Repeat only the lines below that run from the line with "Small Tote Bag" to the line with "5253 W Cullom Avenue", ends included; skip every picture.

**DATA SUPPLIED**.
-=-=-

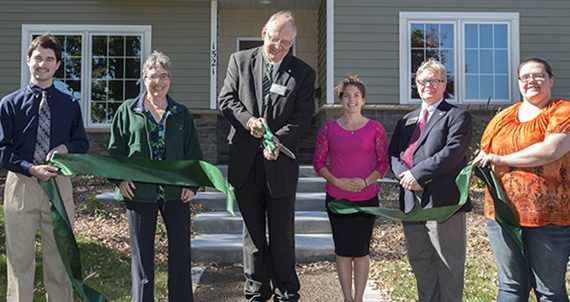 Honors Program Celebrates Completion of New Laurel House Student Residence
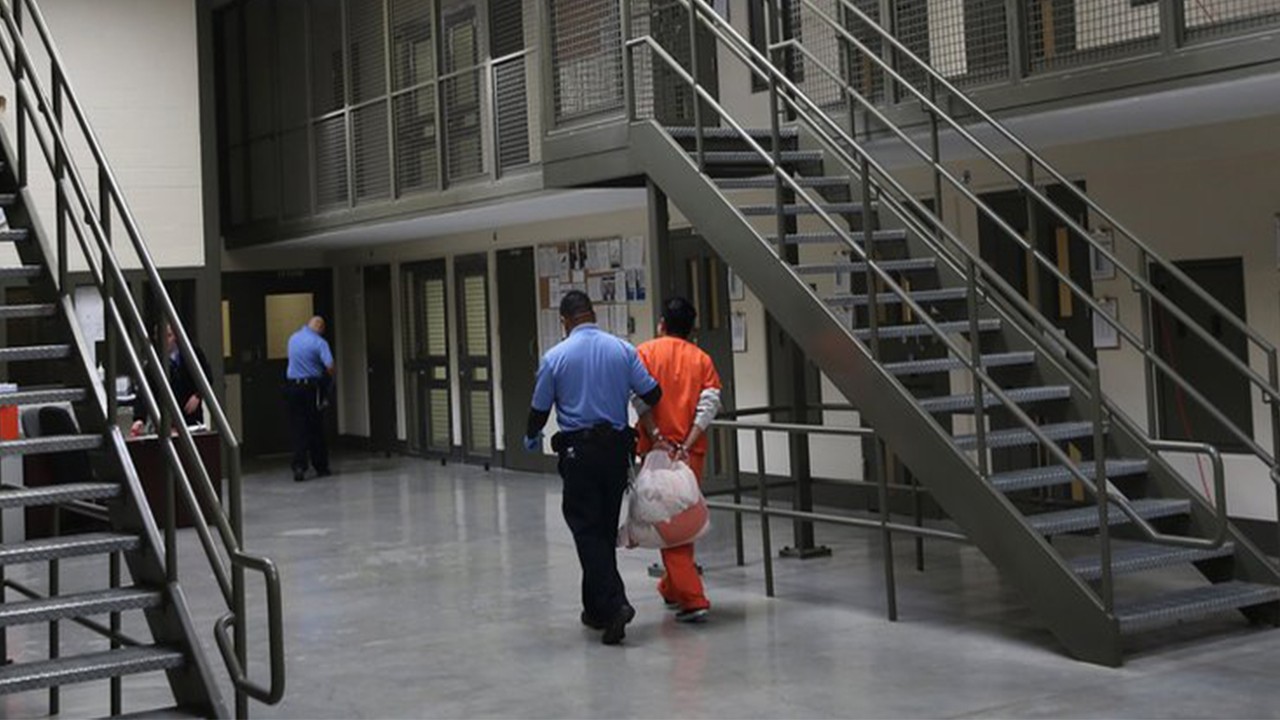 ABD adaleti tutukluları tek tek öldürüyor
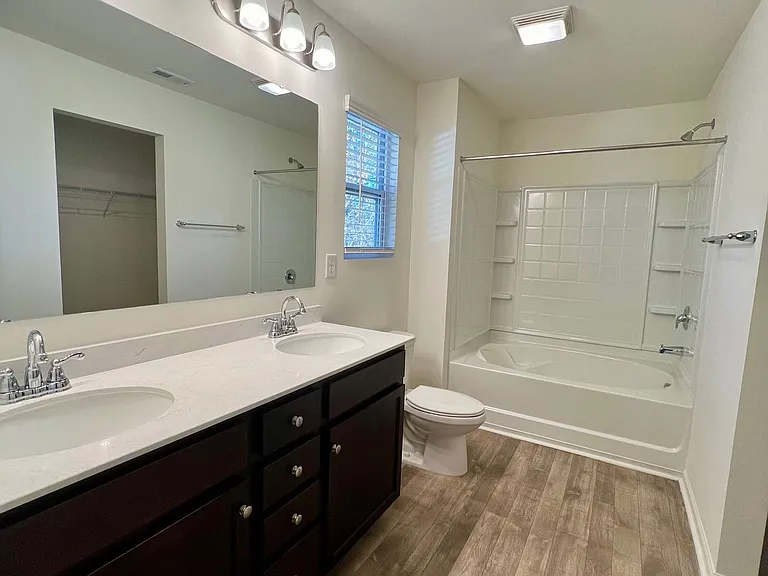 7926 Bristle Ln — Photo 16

-=-=-

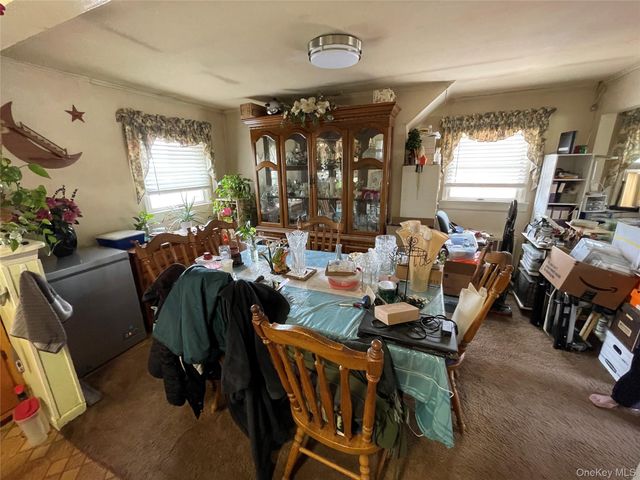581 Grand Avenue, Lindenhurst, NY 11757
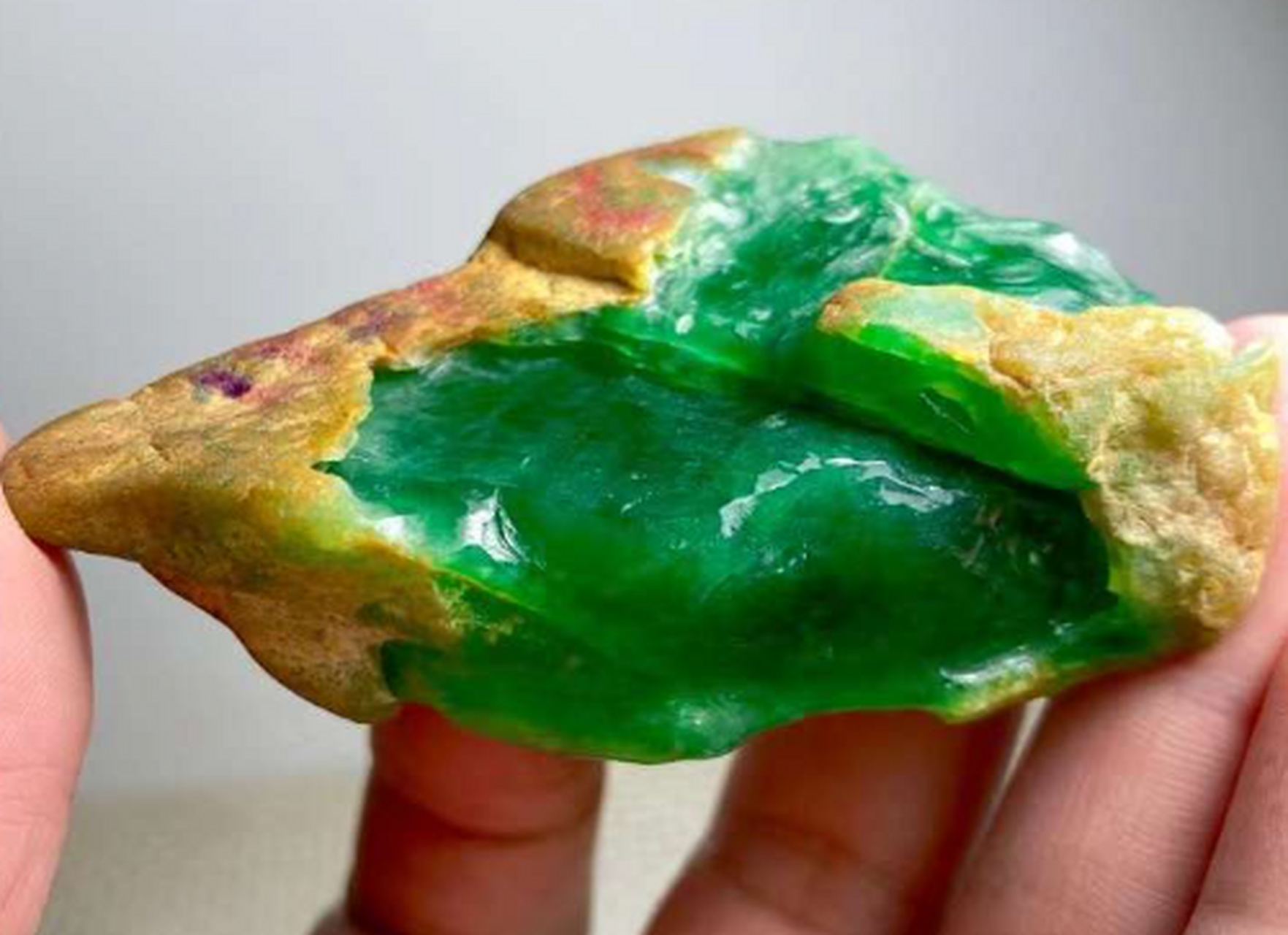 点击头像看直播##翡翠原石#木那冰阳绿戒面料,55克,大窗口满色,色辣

-=-=-

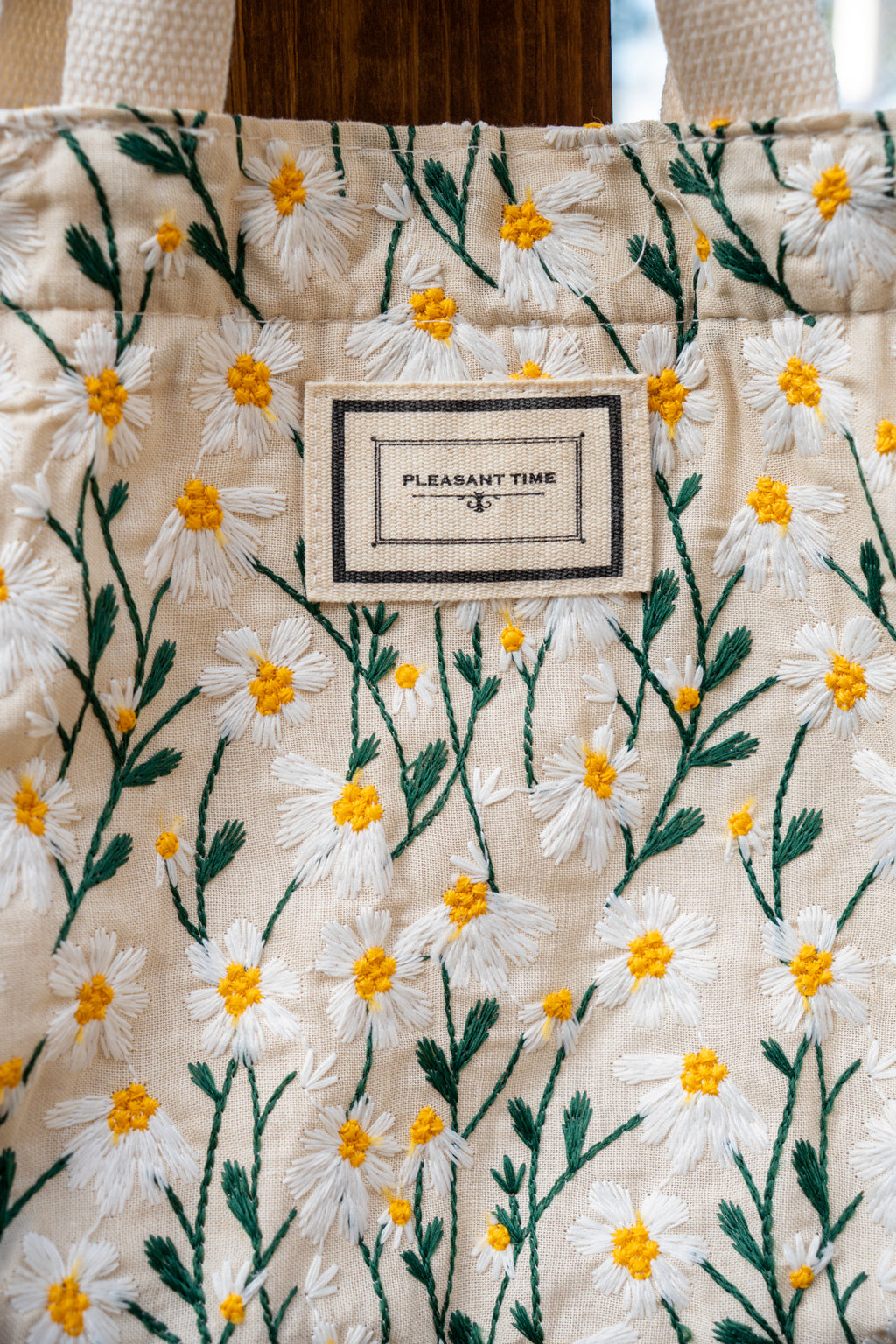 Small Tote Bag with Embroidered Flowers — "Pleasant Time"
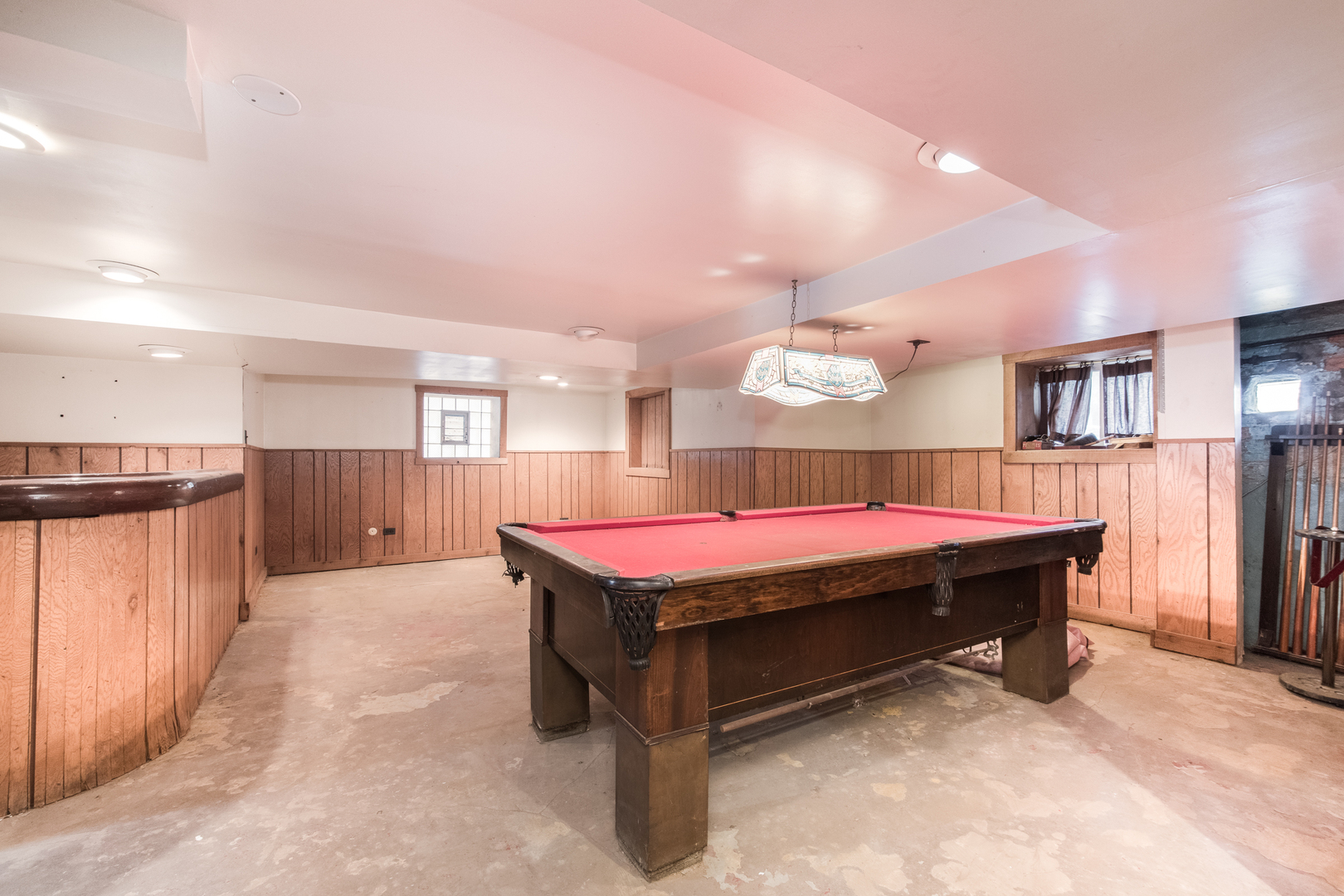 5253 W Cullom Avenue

-=-=-

**EXERCISE ANSWER**.
 Small Tote Bag with Embroidered Flowers — "Pleasant Time"
 5253 W Cullom Avenue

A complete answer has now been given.